Była 14. minuta meczu w Salzburgu, kiedy po akcji Piotra Zielińskiego i Mario Ruia piłka odbiła się od obrońców oraz bramkarza gospodarzy i spadła w miejsce, gdzie stał Arkadiusz Milik. Reprezentant Polski złożył się do strzału z powietrza i dał prowadzenie Napoli. Był to moment, który ostatecznie przesądził o losach dwumeczu. RB Salzburg, które przed tygodniem przegrało w Neapolu 0:3, w tym momencie do awansu potrzebowało aż pięciu goli. Austriakom udało się jednak uratować honor, zdobywając trzy bramki.
- Dla nas to bardzo ważny awans, ale musimy grać lepiej. Zrobiliśmy tak wiele błędów i straciliśmy za dużo piłek. Po prostu wszyscy zagraliśmy poniżej naszego poziomu. Dużo rozmawialiśmy o tym meczu, ale nie wyszło. To, że strzeliłem piękną bramkę nie oznacza, że zagrałem dobrze. Ja też straciłem za dużo piłek - mówił Arkadiusz Milik po spotkaniu.

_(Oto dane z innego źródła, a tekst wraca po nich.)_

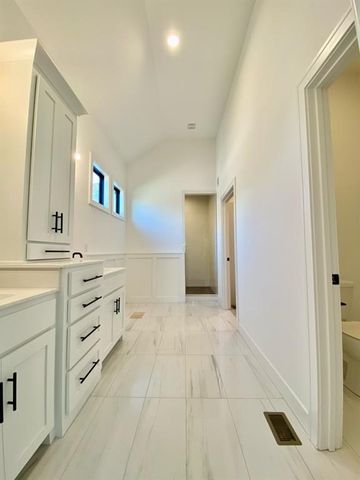 20804 Emerald Street, Spring Hill, KS 66083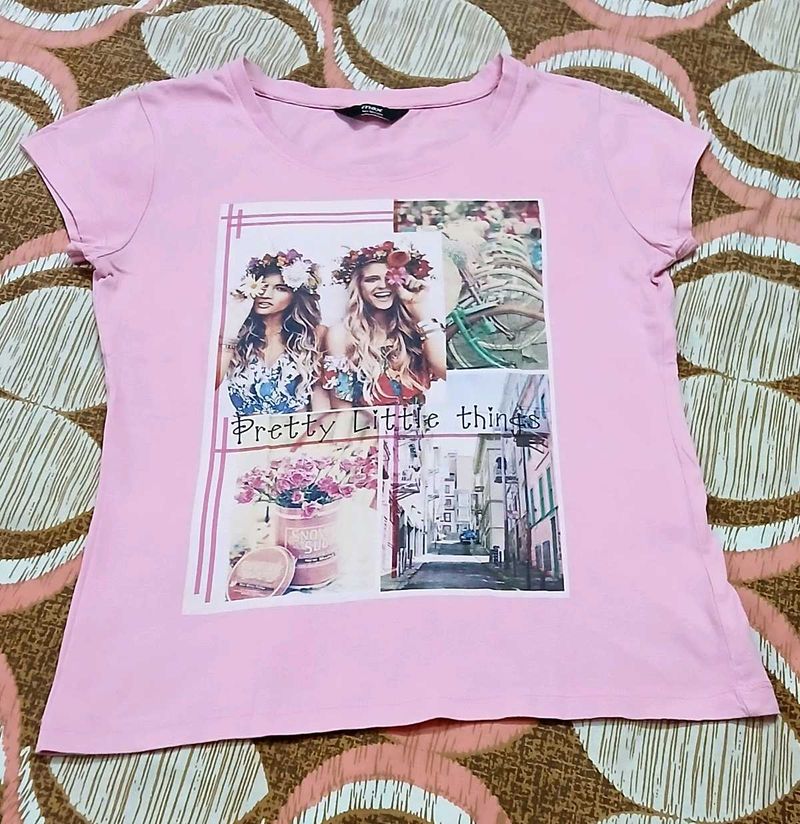 Pink Short Sleeve Graphic Tshirt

Polak był jednak chwalony przede wszystkim przez włoskie media. - W kilku sytuacjach był spóźniony, ale na początku meczu pięknym technicznym strzałem nożycami zapewnił neapolitańczykom awans - pisze Sport Mediaset. - Złoty Arek. Po jego golu 1500 włoskich kibiców rozpoczęło świętowanie awansu - dodaje „Corriere dello Sport".